Fuel prices are climbing. Here’s what you can do about it
Plan smarter routes to cut your fuel costs
A plumber running five jobs a day across three suburbs instead of five could save 30 kilometres of driving per day. At current diesel prices, that’s $30 to $40 a day in fuel, or close to $8,000 a year for the same workload.
If you’re booking jobs yourself, Google Maps works fine. If you run a small fleet, route optimisation tools like OptimoRoute or Circuit (now Spoke) handle multi-stop routing automatically and account for traffic.
For construction businesses, the same logic applies to deliveries. Every depot-to-site round trip you can combine or cut is money back in the business.
Stop burning fuel while you’re standing still
A truck running at a job site or a ute left going while you grab paperwork from a customer adds up across a week. Turning the engine off when you’re stopped for more than two minutes costs you almost nothing in wear or restart fuel on a modern diesel. Across three or four vehicles five days a week, the savings compound quickly.
For construction equipment, schedule your start-up times rather than leaving engines running between tasks. For fleet operators, most telematics systems flag excessive idling automatically, so you can spot which vehicles or drivers account for most of it.
Cut fuel consumption with basic vehicle maintenance
Under-inflated tyres alone increase fuel use by 3% or more. Staying on top of tyre pressure, air filters, and oil changes keeps fuel burn at baseline. A vehicle out of tune costs you at every fill.
A ute loaded for every possible job burns more fuel than one packed for the day’s actual work. Strip out what you don’t need each morning.
If you run multiple vehicles, look at whether each one is right-sized for its job. A V8 ute doing inner-city deliveries costs more to run than a smaller van doing the same work. When it’s time to replace a vehicle, the cheaper option to buy isn’t always the cheaper option to own.
Use fuel cards and buy at the right time
Fuel cards like BP Plus, Ampol, and Fleet Card combine three things you’d otherwise do separately: pump discounts, automatic tracking, and consolidated reporting. For a small fleet, the admin saving alone is worth it.
Apps like PetrolSpy show live diesel and petrol prices near you, so you can compare stations before you send a vehicle out. Across a fleet, consistently filling up at the cheapest nearby station rather than the most convenient one makes a real difference over a month.
If you’re burning more than 10,000 litres a month, bulk purchasing or on-site tanks may be worth exploring with a fuel supplier.
Claim your fuel tax credits
Fuel tax credits offset the excise you pay on diesel used in heavy vehicles, machinery, equipment, and generators, and many eligible businesses aren’t claiming them.
Until 30 June, the Road User Charge is temporarily set to zero, which simplifies the calculation.

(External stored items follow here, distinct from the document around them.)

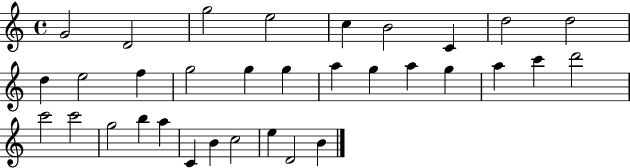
G4/h D4/h G5/h E5/h C5/q B4/h C4/q D5/h D5/h D5/q E5/h F5/q G5/h G5/q G5/q A5/q G5/q A5/q G5/q A5/q C6/q D6/h C6/h C6/h G5/h B5/q A5/q C4/q B4/q C5/h E5/q D4/h B4/q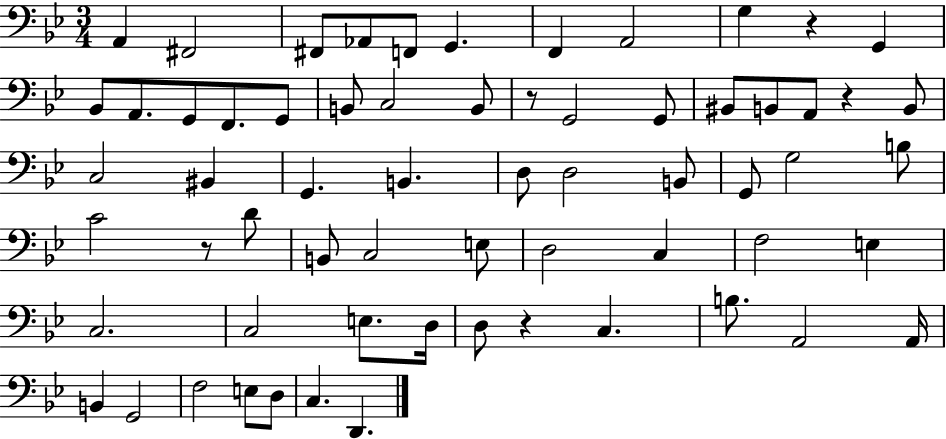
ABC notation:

X:1
T:Untitled
M:3/4
L:1/4
K:Bb
A,, ^F,,2 ^F,,/2 _A,,/2 F,,/2 G,, F,, A,,2 G, z G,, _B,,/2 A,,/2 G,,/2 F,,/2 G,,/2 B,,/2 C,2 B,,/2 z/2 G,,2 G,,/2 ^B,,/2 B,,/2 A,,/2 z B,,/2 C,2 ^B,, G,, B,, D,/2 D,2 B,,/2 G,,/2 G,2 B,/2 C2 z/2 D/2 B,,/2 C,2 E,/2 D,2 C, F,2 E, C,2 C,2 E,/2 D,/4 D,/2 z C, B,/2 A,,2 A,,/4 B,, G,,2 F,2 E,/2 D,/2 C, D,,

Road transport businesses don’t need to track fuel usage across public versus private roads during this period.
Use the ATO’s fuel tax credit calculator to work out what you’re entitled to claim. It applies the correct rates automatically and handles simplified claims under $10,000. If fuel costs are affecting your ability to meet your tax obligations, the ATO is also offering a temporary payment plan for businesses impacted by high fuel prices. Our small business tax deductions guide covers other deductions worth reviewing before 30 June.

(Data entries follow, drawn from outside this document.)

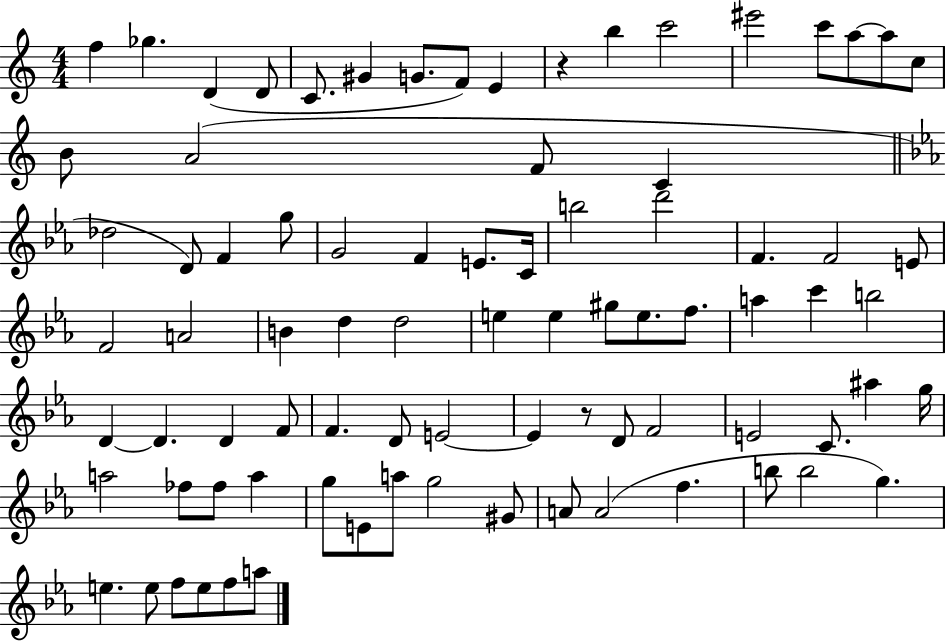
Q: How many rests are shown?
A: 2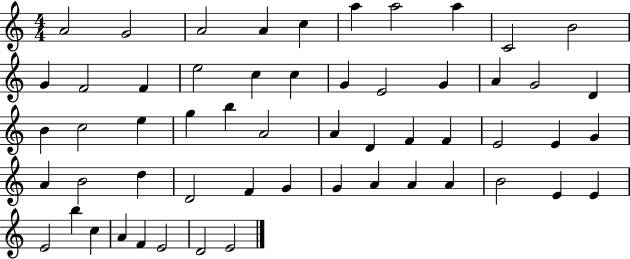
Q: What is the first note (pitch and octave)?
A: A4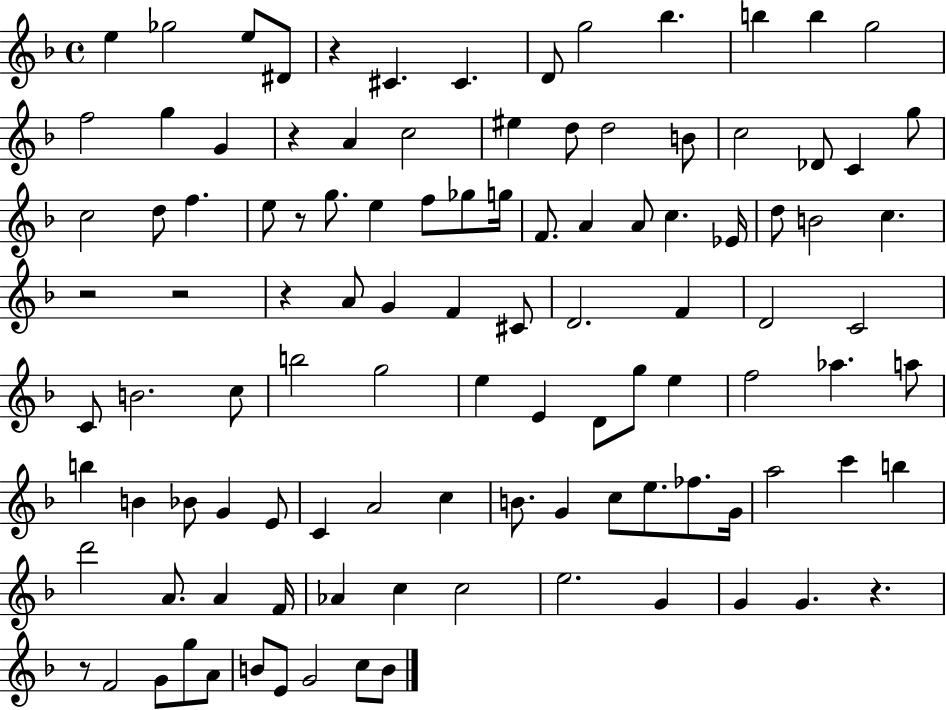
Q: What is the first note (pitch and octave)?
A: E5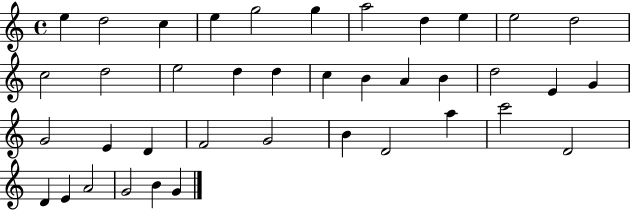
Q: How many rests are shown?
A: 0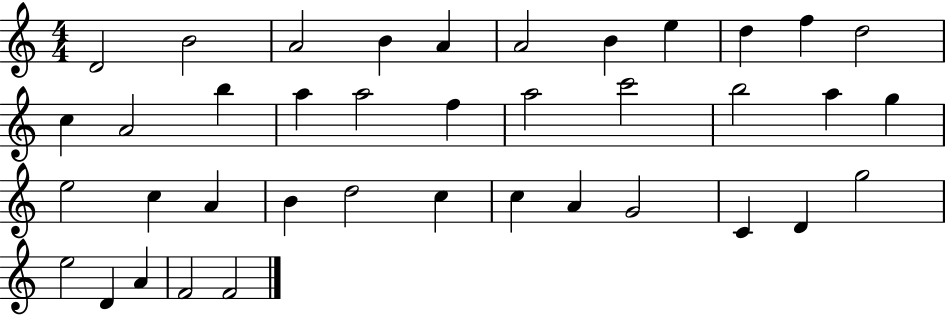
{
  \clef treble
  \numericTimeSignature
  \time 4/4
  \key c \major
  d'2 b'2 | a'2 b'4 a'4 | a'2 b'4 e''4 | d''4 f''4 d''2 | \break c''4 a'2 b''4 | a''4 a''2 f''4 | a''2 c'''2 | b''2 a''4 g''4 | \break e''2 c''4 a'4 | b'4 d''2 c''4 | c''4 a'4 g'2 | c'4 d'4 g''2 | \break e''2 d'4 a'4 | f'2 f'2 | \bar "|."
}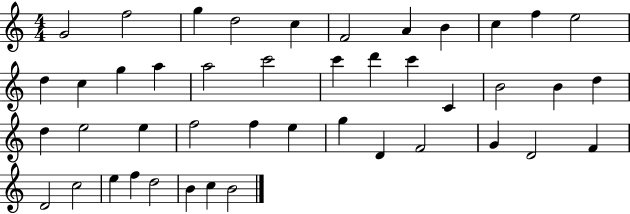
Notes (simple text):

G4/h F5/h G5/q D5/h C5/q F4/h A4/q B4/q C5/q F5/q E5/h D5/q C5/q G5/q A5/q A5/h C6/h C6/q D6/q C6/q C4/q B4/h B4/q D5/q D5/q E5/h E5/q F5/h F5/q E5/q G5/q D4/q F4/h G4/q D4/h F4/q D4/h C5/h E5/q F5/q D5/h B4/q C5/q B4/h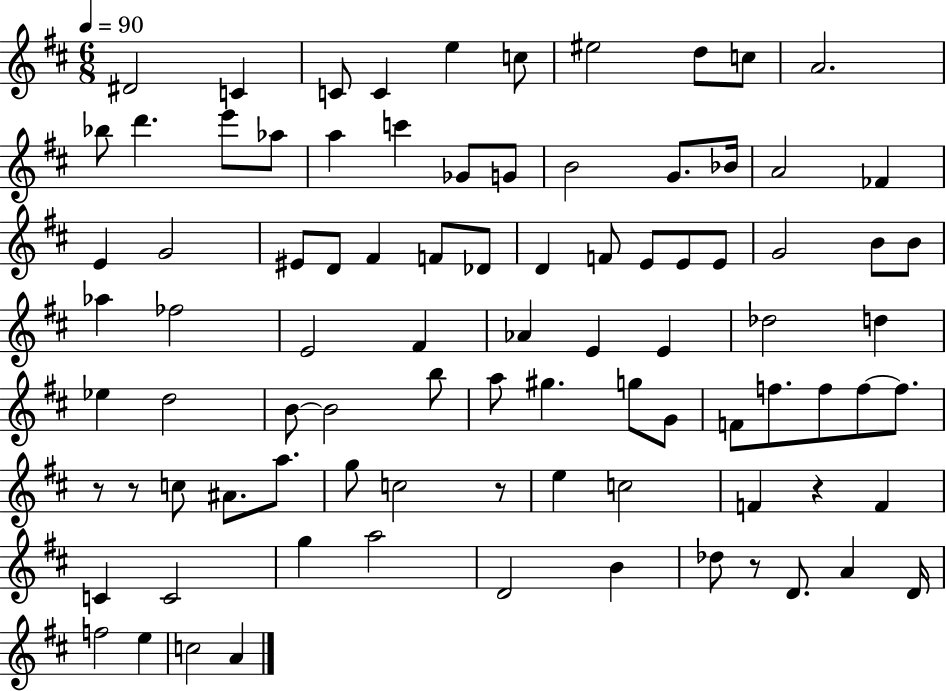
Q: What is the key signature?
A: D major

Add a fuel surcharge to your quotes
A fuel surcharge is standard practice in transport. It’s less common in trades, but increasingly accepted by customers who understand what’s happening at the pump.
Adding a line like “Due to current fuel prices, a fuel component of $X applies to jobs outside a 20km radius” is one approach that tends to land well. Customers generally accept a transparent line item better than a quiet price increase across the board.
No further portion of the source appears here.